The 2021 list is available here
After graduating from Durham University, my career started in a technical IT role, which gave me a good grounding and an understanding of the importance of data within IT solutions. The importance of data has always fascinated me and, as my career developed, I moved steadily away from the detailed technical aspects (although I still dabble) towards using data to drive business value and benefit.
What became important to me was how data drives the success and is important for the whole of a business (it’s not just an IT thing). Moving to Tesco.com, I built my awareness and understanding of data across a multichannel business, focusing on the e-commerce aspects before driving a data transformation as group data director across Travis Perkins, one of the UK’s largest building materials suppliers. My most recent role has taken me into the manufacturing sector, specifically into aerospace, and has opened up a world of opportunity for me to use data in order to make a difference, identify operational efficiencies and streamline customer opportunities.
There have been many highlights but transforming hearts and minds of a business is always a rewarding part of the job. One of the most significant moments was the building of a Google BigQuery Data Lake at Travis Perkins, which transformed and helped many areas of the business access and compare data across multiple datasets - something that had been difficult to achieve previously. This drove more self-service reporting and analytics but also meant that businesses were able to spend more time understanding what the data was telling them and the actions to take, rather than having to manipulate and align data.
Having worked with AWS in my role at Travis Perkins, I was left in awe with the growth, brave decisions and customer “obsession” across the Amazon culture led by Jeff Bezos. Amazon is proving how technology, innovation and analytics can be brought together to create a first-class customer experience and be used to build and grow one of the biggest retailers in the world, accessible by billions of people.

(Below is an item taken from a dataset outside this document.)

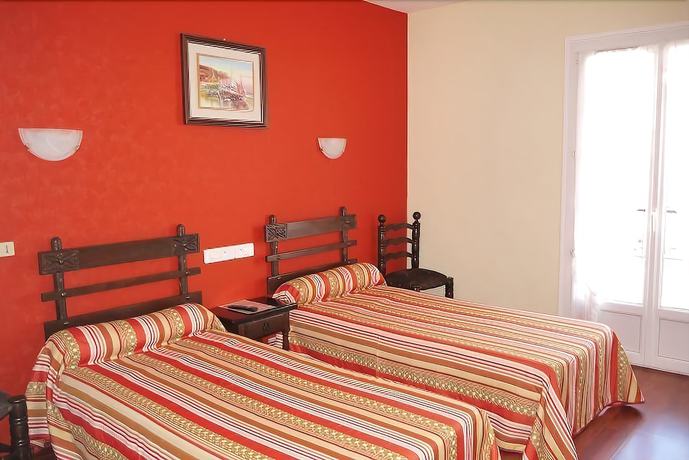 Imagen de la habitación del Hotel Hôtel Le Belvédère. Foto 5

The data industry continues to change rapidly, and every year presents new challenges and opportunities. Keeping up with the increasing variety of new technologies, solutions and approaches is becoming more difficult. In my new role I spent 2019 building a data strategy, gathering executive support and pulling together the foundations for good quality datasets and governance processes.
I have been surprised by the amount of manual data manipulation (and Excel) that exists across global businesses. As these manual solutions continue to grow and embed themselves, it becomes more and more difficult to extract them and replace with improved automation.

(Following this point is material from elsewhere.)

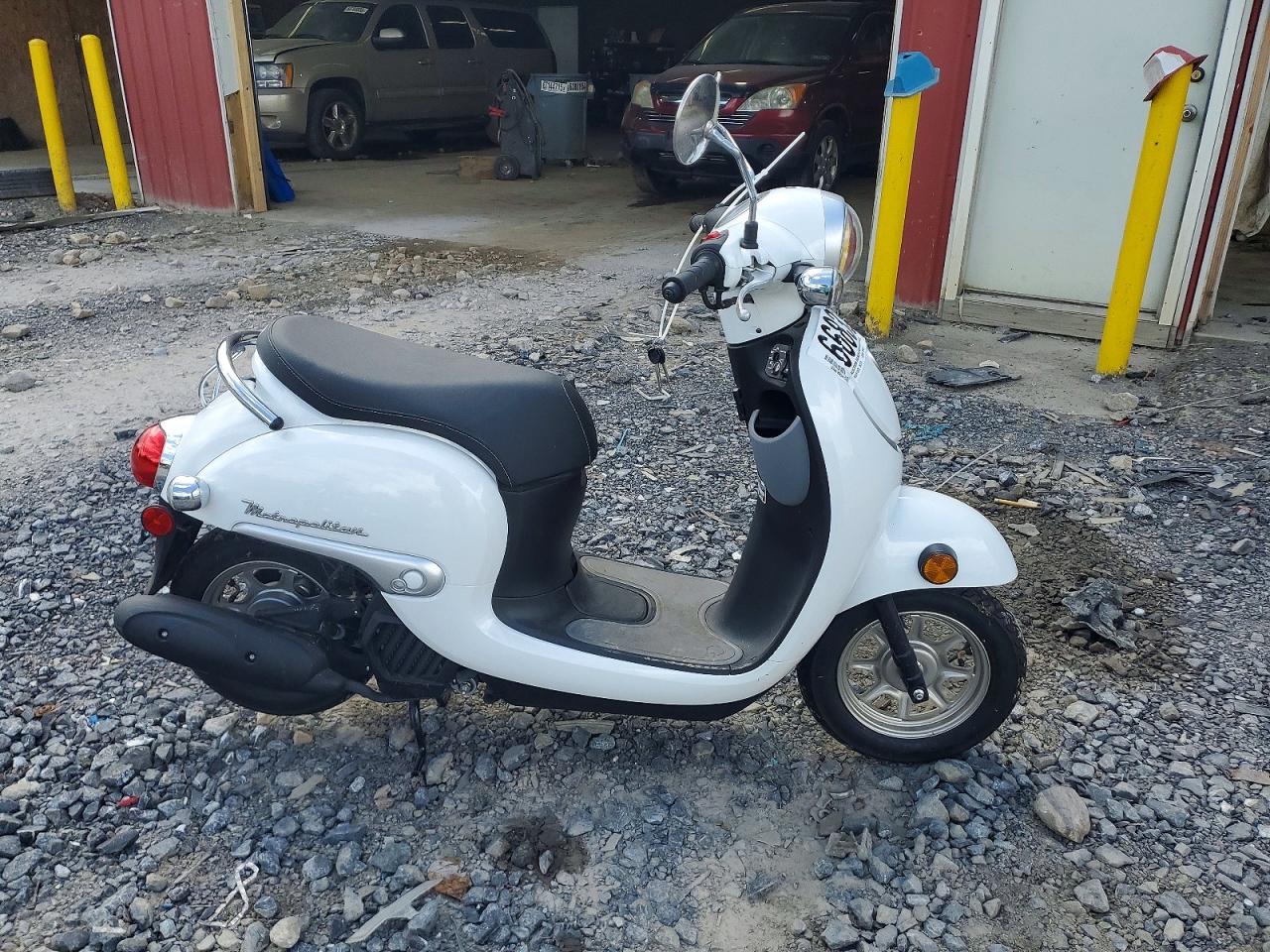 2016 HONDA NCW50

Driving value through data analytics has been steadily rising in importance as it becomes clearer that measurable business success comes to those who do it well. However, as data-sets grow (especially in the IoT area), it’s becoming increasingly more difficult to identify valuable and actionable insight from the interesting but useless. Getting this right is going to be key to success in 2020 and beyond and will take a detailed knowledge of business operations, as well as the skills needed to extract and manipulate the correct datasets. I also foresee a need for some businesses to revisit and review underlying data governance in 2020, to ensure the basics are in place as the desire for more data analytics grows.

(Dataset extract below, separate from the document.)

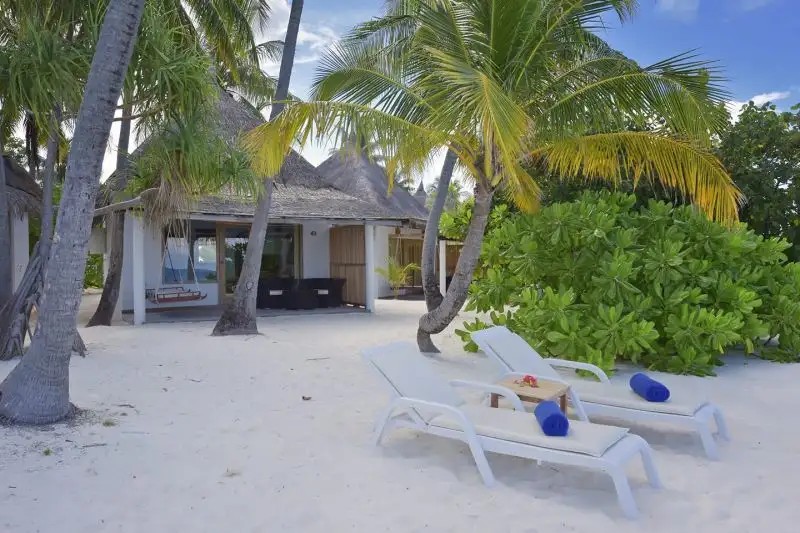 superior beach bungalow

I believe that predictive analytics gives the biggest opportunity for change across all these areas. Being able to use data to make better decisions about the future and to model scenarios quickly and easily would be increasingly powerful and help to change the way that we assess and do things. However, it does rely on a good dataset with detailed historical information and detailed information about previous outcomes on which future analysis can be made.
Working in a company that has grown through acquisition, there are a lot of different technology solutions across the estate. The challenge of bringing data together from these solutions in a meaningful and automated way has always been there but it is getting more complex. The challenge increases as more data is required and reporting/analytics is needed for meaningful comparison of activities and process between multiple sites and businesses.